Everything from the line containing "Steve Madden Rejoice" to the last line of the listing below, inclusive, is what you should output, exactly as it appears.

__Records to process__:
[Start of section]

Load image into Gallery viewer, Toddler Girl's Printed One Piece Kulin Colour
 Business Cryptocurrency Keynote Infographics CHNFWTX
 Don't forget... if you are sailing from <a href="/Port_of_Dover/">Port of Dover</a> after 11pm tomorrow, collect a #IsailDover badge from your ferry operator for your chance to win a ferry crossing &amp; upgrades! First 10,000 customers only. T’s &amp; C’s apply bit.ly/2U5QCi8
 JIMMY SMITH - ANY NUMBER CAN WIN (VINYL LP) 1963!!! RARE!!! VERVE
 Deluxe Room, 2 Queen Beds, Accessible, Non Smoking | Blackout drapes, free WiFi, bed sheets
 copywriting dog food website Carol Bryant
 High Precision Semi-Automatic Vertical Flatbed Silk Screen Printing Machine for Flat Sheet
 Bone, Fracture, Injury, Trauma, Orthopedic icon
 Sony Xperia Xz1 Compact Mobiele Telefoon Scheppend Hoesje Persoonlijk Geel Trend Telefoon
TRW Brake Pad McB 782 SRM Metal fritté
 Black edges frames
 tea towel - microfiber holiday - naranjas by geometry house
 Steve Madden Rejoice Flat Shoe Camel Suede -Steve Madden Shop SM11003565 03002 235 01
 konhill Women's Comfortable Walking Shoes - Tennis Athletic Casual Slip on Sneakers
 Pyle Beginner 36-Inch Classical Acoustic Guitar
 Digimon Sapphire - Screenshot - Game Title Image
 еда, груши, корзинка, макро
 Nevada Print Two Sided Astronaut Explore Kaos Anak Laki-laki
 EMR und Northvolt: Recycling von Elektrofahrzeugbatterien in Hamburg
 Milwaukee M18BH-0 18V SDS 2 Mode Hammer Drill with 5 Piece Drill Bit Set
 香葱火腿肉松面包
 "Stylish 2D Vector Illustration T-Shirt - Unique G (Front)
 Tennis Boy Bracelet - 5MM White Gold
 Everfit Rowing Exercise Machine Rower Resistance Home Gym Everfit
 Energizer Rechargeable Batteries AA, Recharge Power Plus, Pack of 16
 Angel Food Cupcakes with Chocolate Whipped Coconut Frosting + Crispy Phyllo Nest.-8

[End of section]

__Response area__:
 Steve Madden Rejoice Flat Shoe Camel Suede -Steve Madden Shop SM11003565 03002 235 01
 konhill Women's Comfortable Walking Shoes - Tennis Athletic Casual Slip on Sneakers
 Pyle Beginner 36-Inch Classical Acoustic Guitar
 Digimon Sapphire - Screenshot - Game Title Image
 еда, груши, корзинка, макро
 Nevada Print Two Sided Astronaut Explore Kaos Anak Laki-laki
 EMR und Northvolt: Recycling von Elektrofahrzeugbatterien in Hamburg
 Milwaukee M18BH-0 18V SDS 2 Mode Hammer Drill with 5 Piece Drill Bit Set
 香葱火腿肉松面包
 "Stylish 2D Vector Illustration T-Shirt - Unique G (Front)
 Tennis Boy Bracelet - 5MM White Gold
 Everfit Rowing Exercise Machine Rower Resistance Home Gym Everfit
 Energizer Rechargeable Batteries AA, Recharge Power Plus, Pack of 16
 Angel Food Cupcakes with Chocolate Whipped Coconut Frosting + Crispy Phyllo Nest.-8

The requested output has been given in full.